#### Chisholm’s paradox (co-authored with Juhani Yli-Vakkuri)

The following form of modal sorites puzzle has come to be known as Chisholm’s paradox: (i) For all n: if x could have been F(n), then x could have been F(n+1). (ii) x is F(1). (iii) x could not have been F(n*). Or, equivalently (in S5): (i) For all n: necessarily, if x is F(n), then x could have been F(n+1). (ii) x is F(1). (iii) x could not have been F(n*). F(n) might be, for example, the property of being at least n seconds long, while x is a particular performance of a symphony, and n* is some very large number such that it is implausible that that very performance of the symphony could have been at least n* seconds long. Like a number of earlier authors, we do not think that Chisholm-paradoxical arguments call for a treatment different from more familiar forms of sorites puzzle: what must be rejected (at least in a wide variety of cases) is the ‘tolerance’ principle (ii). Yet, in many cases, rejecting the tolerance principle of a Chisholm-paradoxical argument leads to a new puzzle: if we reject it, we will have to accept that there is a possible situation that is qualitatively exactly like (or very similar to) the actual situation but in which we are in the presence of an object that could not have been even slightly different with respect to a certain parameter: for example, a performance of a symphony that could not have been even one second longer, a table that could not have been made without a particular microfibfril of cellulose, or a painting that could not have been created without a particular cadmium atom. In such a situation, it appears, we speak falsely when we assert: ‘Every table could have been made without any given microfibril of cellulose.’ Such mysterious possibilities of error threaten to undermine our apparent knowledge that every table could have been made without any given microfibril of cellulose. We call this the new Chisholm paradox.

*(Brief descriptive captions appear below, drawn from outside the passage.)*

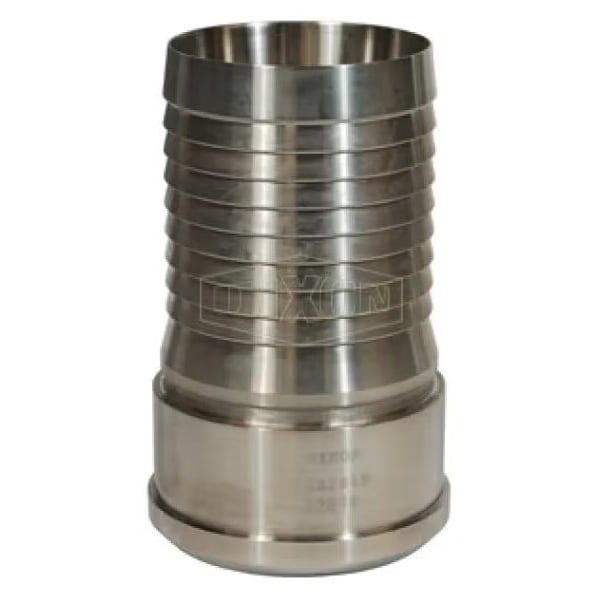 Internal Expansion Sanitary Stem, 1-1/2 in Nominal, Female Beveled Seat End Style, 304 SS, Domestic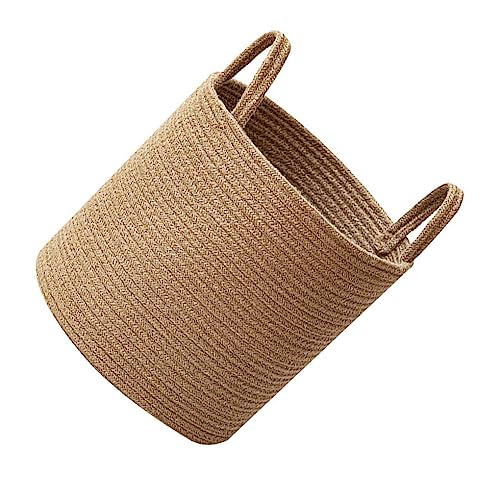 Panier à linge en corde de coton tressé chic taille M - 2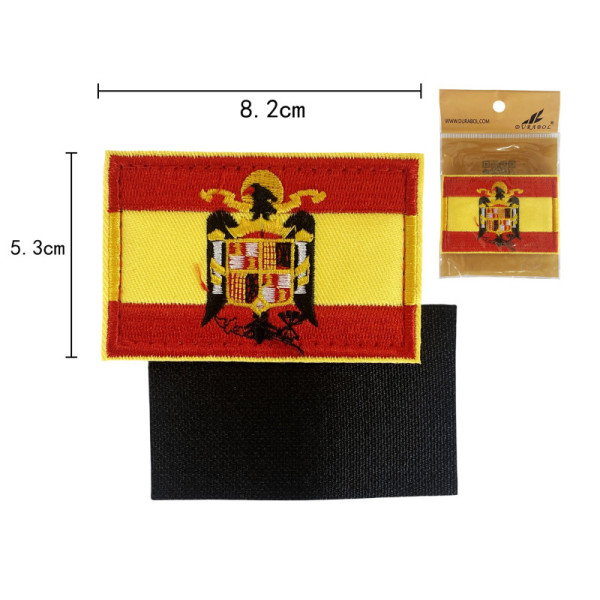 Parche con Velcro Bandera Aguila 8x5.4cm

We discuss and evaluate a range of solutions to it that can be extrapolated from the literature on the old Chisholm paradox, in order of increasing plausibility: S4-denial (Chandler, Salmon), contextualism about metaphysical modality (Murray and Wilson), accepting that in many cases we do not know that an object could have been slightly different with respect to a certain parameter (Williamson), and a theory of semantic drift that assumes a plenitudinous metaphysics (Hawthorne and Yli-Vakkuri, inspired by a suggestion Williamson attributes to Eli Hirsch).